[[ Exercise inputs, beginning ]]

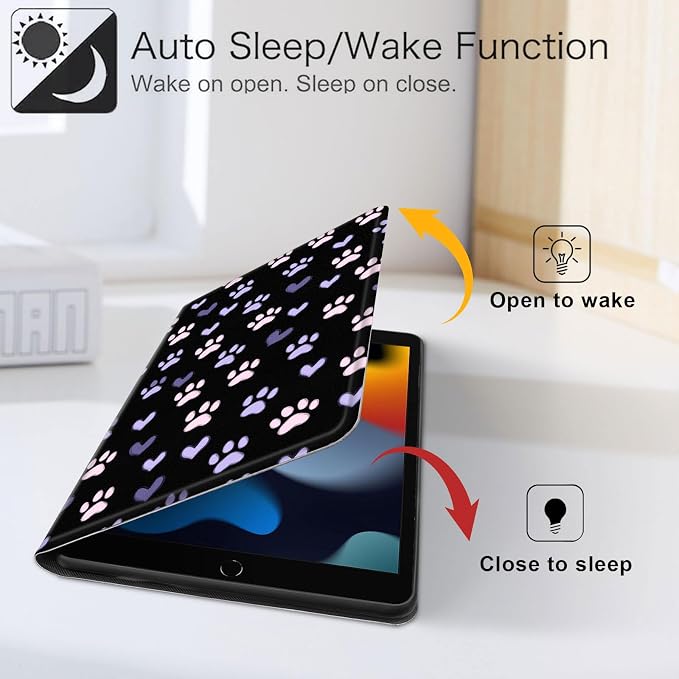 for iPad 11th Generation (A16 2025) 11 / iPad 10th Gen 10.9 2022 Case 360° Rotating PU Leather Stand Cover with Auto Sleep/Wake Shockproof TPU Backl Raccoon Perched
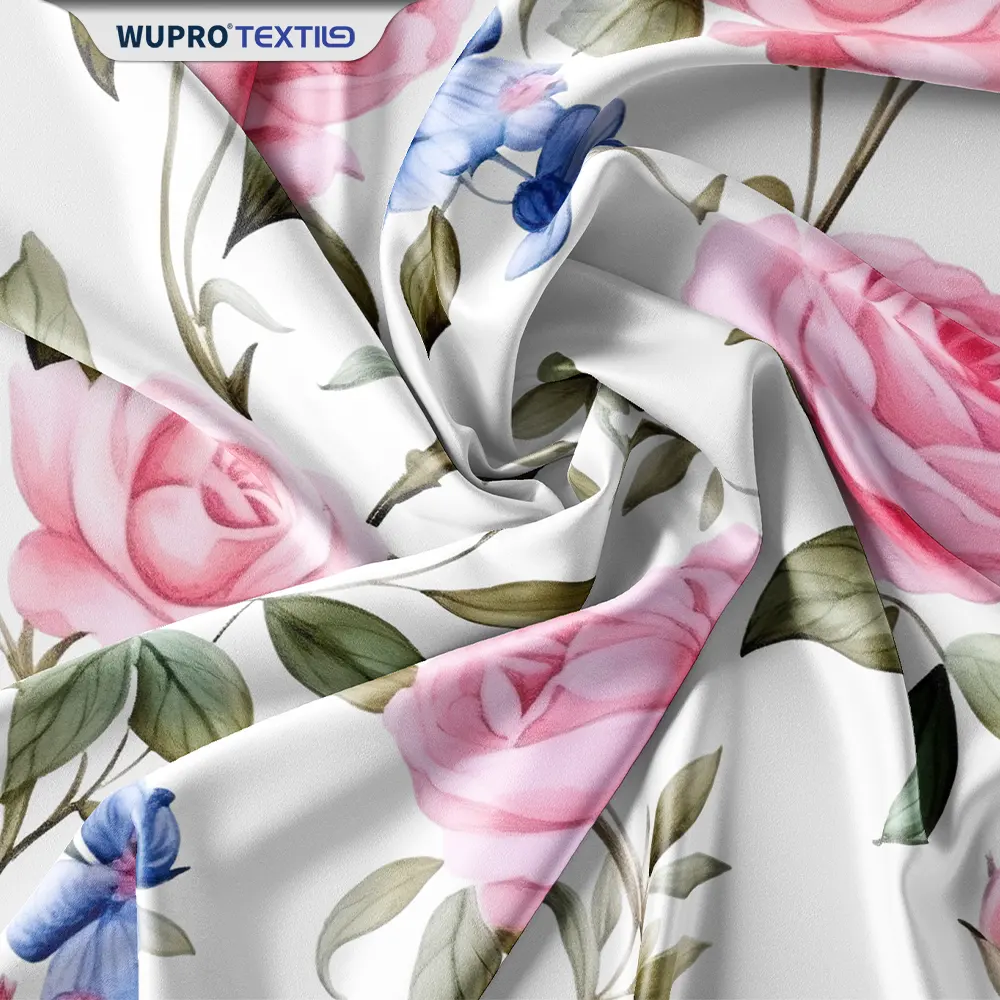 Printtek produsen tenun digital 100 bahan poliester pola bunga kain cetak mawar merah untuk gaun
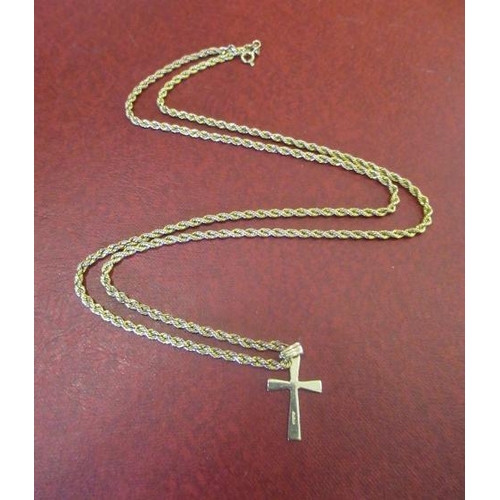 179 - 9CT GOLD CROSS PENDANT ON 9CT ROPE TWIST CHAIN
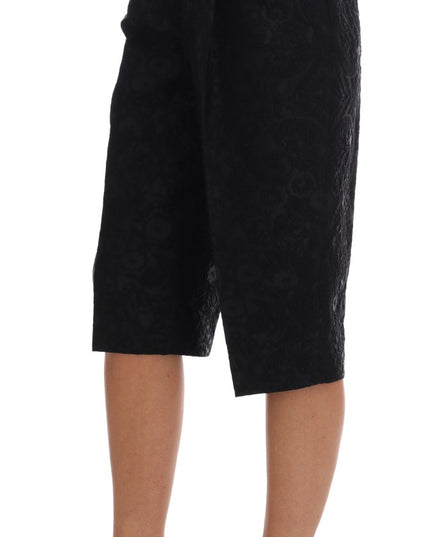 Dolce & Gabbana Black Brocade High Waist Capri Shorts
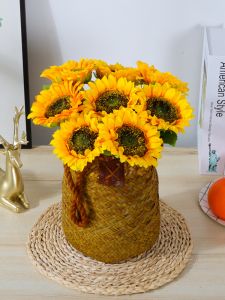 Artificial Sunflower Silk Flower Bouquet Decorative Home Accessories Living Room Arrangement Chinese Style Ornament Flower Basket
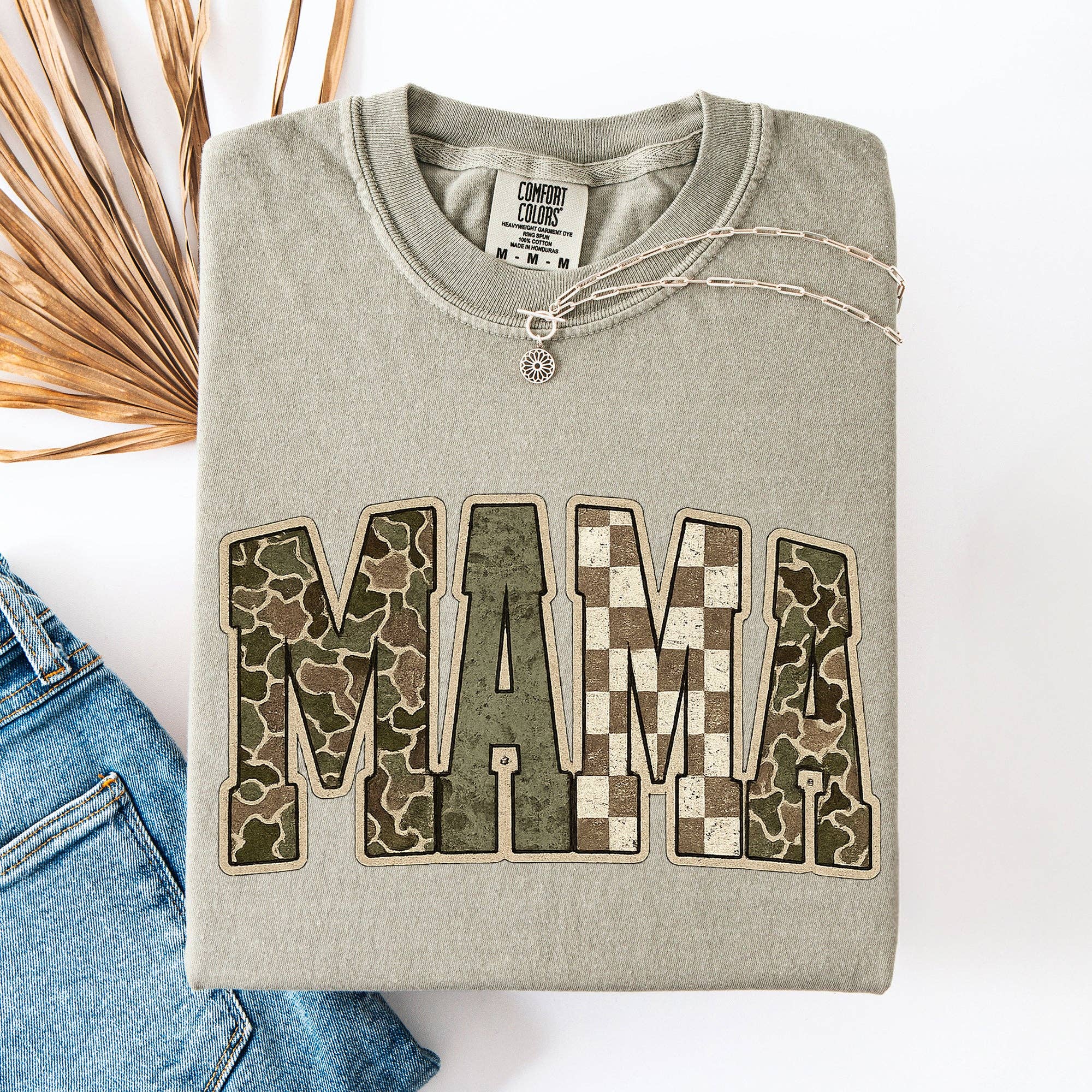 Mama, Camo, Checkered, Mother's Day, Comfort Colors - Adult & Kids T-Shirts, Sweatshirts & Hoodies apparel design preview 1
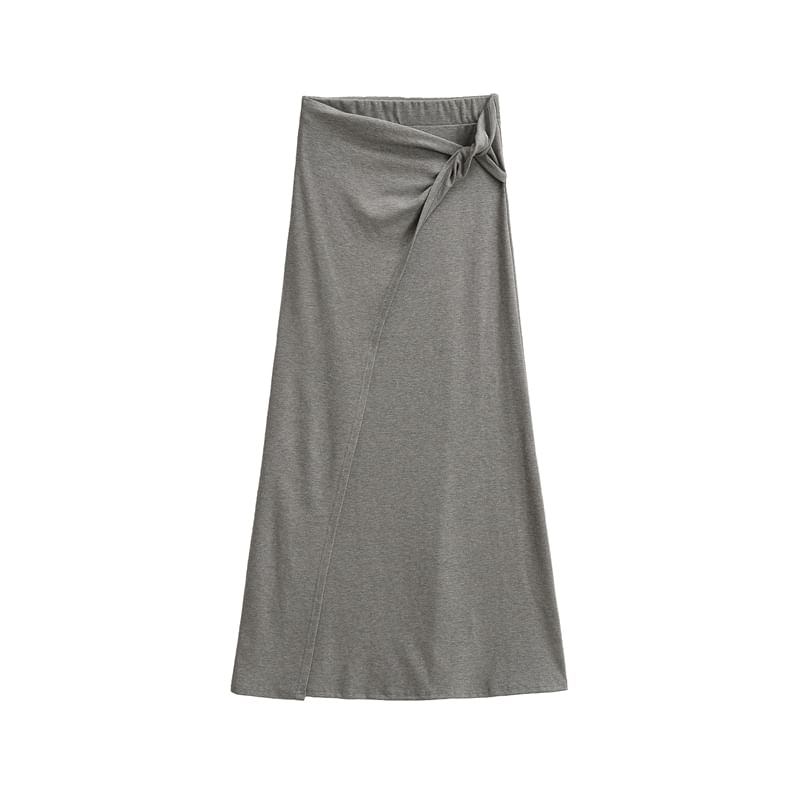 Set: Paneled Tank Top + High-Waisted Maxi A-Line Skirt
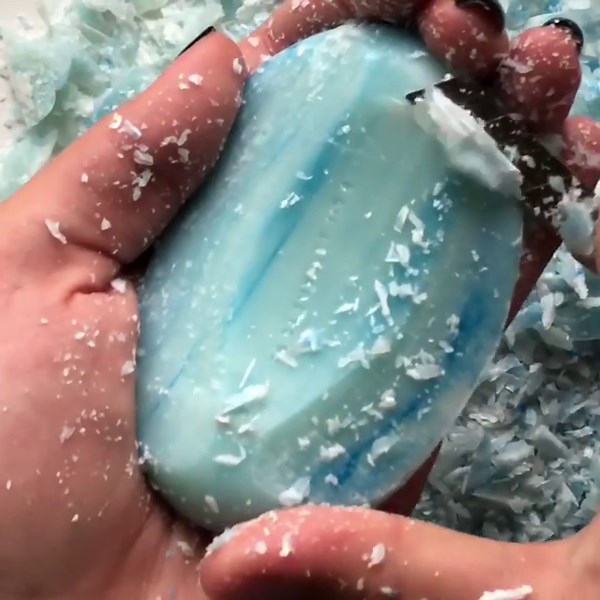 Satisfyingly Shredding Into Pieces Baby Blue Bar Soap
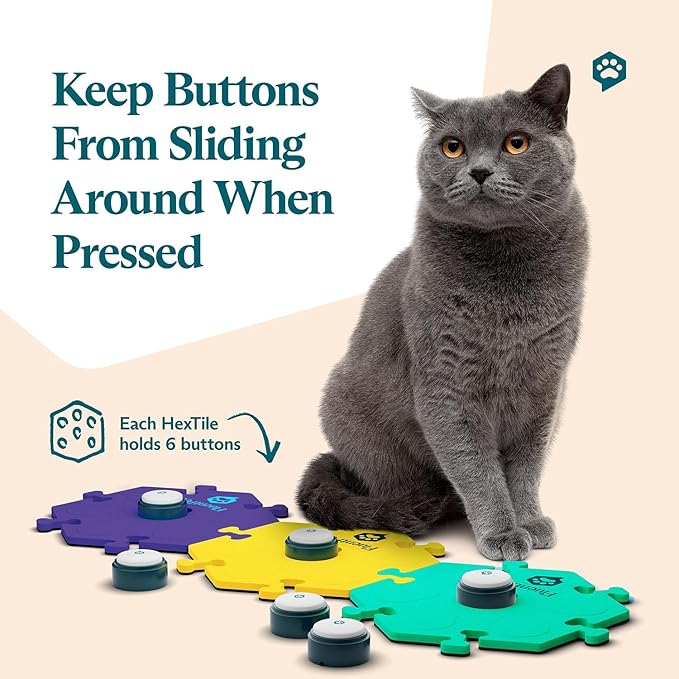 FluentPet Get Started Kit - Set of 6 Basic Buttons with Batteries Included for Dogs & Cats and 3 HexTiles - Customizable Cat & Dog Training Buttons for Communication - Talking Button Gift Set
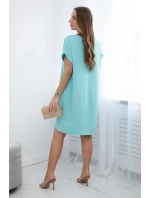 Šaty s vreckami svetlá mäta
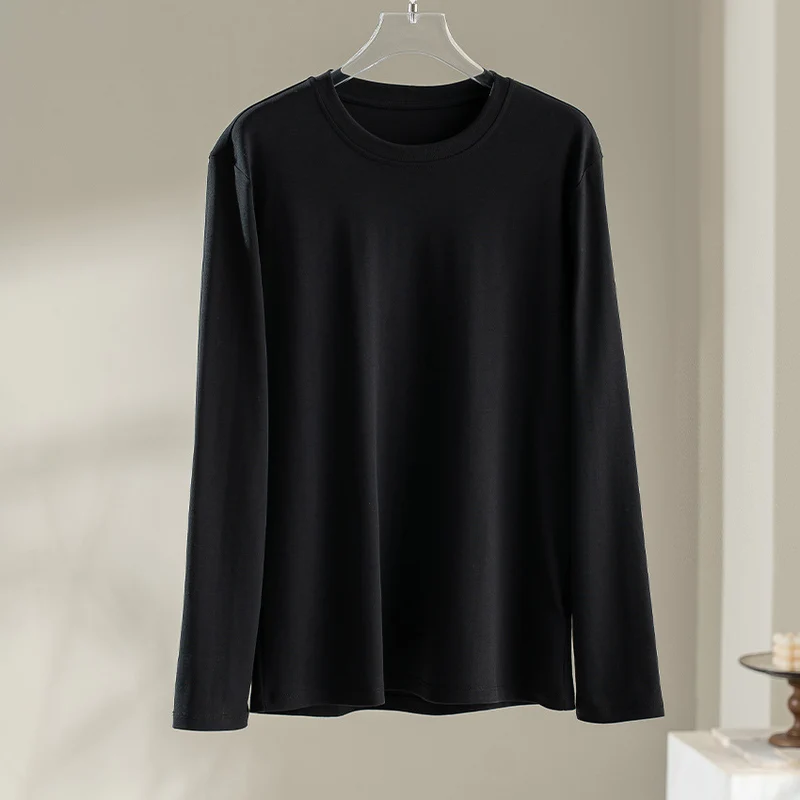 Damen Langärmeliges Rundhals-Longsleeve aus Modal-Mix mit fließender Silhouette Drune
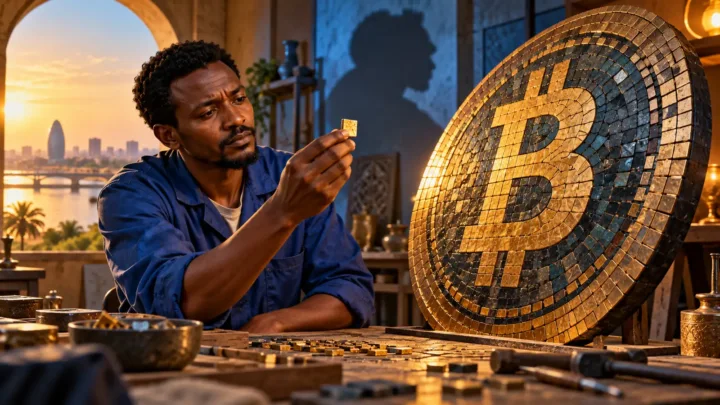 Un artisan soudanais compare une petite fraction de Bitcoin à un grand disque.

[[ Exercise inputs, end ]]

■ What you have to do: Repeat the line that contains "Damen Langärmeliges Rundhals-Longsleeve" and each line after it, through the last line of the listing, exactly and alone; pictures stay out of the repeat.

■ Answer for this exercise:
 Damen Langärmeliges Rundhals-Longsleeve aus Modal-Mix mit fließender Silhouette Drune
 Un artisan soudanais compare une petite fraction de Bitcoin à un grand disque.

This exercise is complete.